María es una de tantas mujeres que ha tenido que lidiar con la indiferencia social, la burocracia y hasta la indolencia gubernamental en su búsqueda para encontrar a sus hijos. Incluso, en no pocos casos, han tenido que sufrir la criminalización de sus seres queridos. Porque es una práctica común, y nunca castigada, el hecho de que un funcionario minimice los casos de desaparecidos bajo el terrible argumento de que "tal vez en algo malo andaba metido y por eso ya no volvió". Más de 25 mil historias sin resolver en el país, según las cifras oficiales. Más de 25 mil interrogantes. Más de 25 mil llantos, rezos y esperanzas rotas.
En medio de todo el dolor, el caso de Ayotzinapa abre una ventana. Una ventana a través de la cual mirar el sufrimiento de compatriotas; su lucha diaria por responder preguntas que rara vez hacen eco; su miedo de pensar que quizá ya nunca vuelvan a saber de sus seres queridos. Lejos del discurso oficial que defiende el sofisma de que la inseguridad en el país está disminuyendo, Ayotzinapa es un duro golpe que enseña que la herida abierta por la delincuencia organizada y la ineptitud gubernamental no sólo no ha cicatrizado, sino que sigue haciéndose más grande. Duele Ayotzinapa como duelen los miles de casos que se han venido acumulando desde el sexenio pasado. ¿Cuántos responsables han sido llevados ante la justicia? ¿Cuántos funcionarios han caído? ¿Qué se está haciendo para frenar esta marea?

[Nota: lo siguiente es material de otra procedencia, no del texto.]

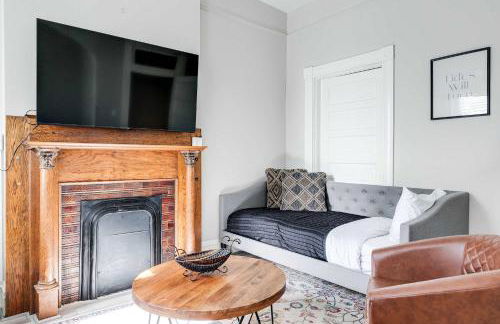 M2 Central location 2 mins to VCU FREE PARKING - Foto 17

Las primeras investigaciones de la Procuraduría General de la República apuntan a que el exalcalde de Iguala, José Luis Abarca y su esposa María de los Ángeles Pineda, tienen responsabilidad en el asesinato de seis personas y la desaparición de los 43 normalistas durante la noche triste del 26 de septiembre pasado. Hoy están prófugos. En Coahuila, según las autoridades estatales, se investiga a un número no preciso de exfuncionarios por su probable responsabilidad en la matanza de Allende, en donde unas 300 personas habrían sido asesinadas. Pero como en el caso de Guerrero, aquí también hay más preguntas que respuestas. ¿Dónde están quienes eran encargados de la seguridad y la procuración de justicia cuando un grupo del crimen organizado secuestraba, desaparecía y mataba a cientos de coahuilenses? ¿Dónde están los resultados de las pruebas practicadas a los 500 restos encontrados a principios de este año? ¿Quiénes permitieron que esto sucediera? ¿Cuál es el avance real en las investigaciones?
La atención internacional que ha acaparado el caso de Guerrero puede ayudar a visualizar los miles de expedientes que aún están pendientes en Coahuila y otras entidades. Pero también puede servir para opacarlos. Ojalá que sea lo primero. Para ello, una vez más, la sociedad civil tendrá la última palabra.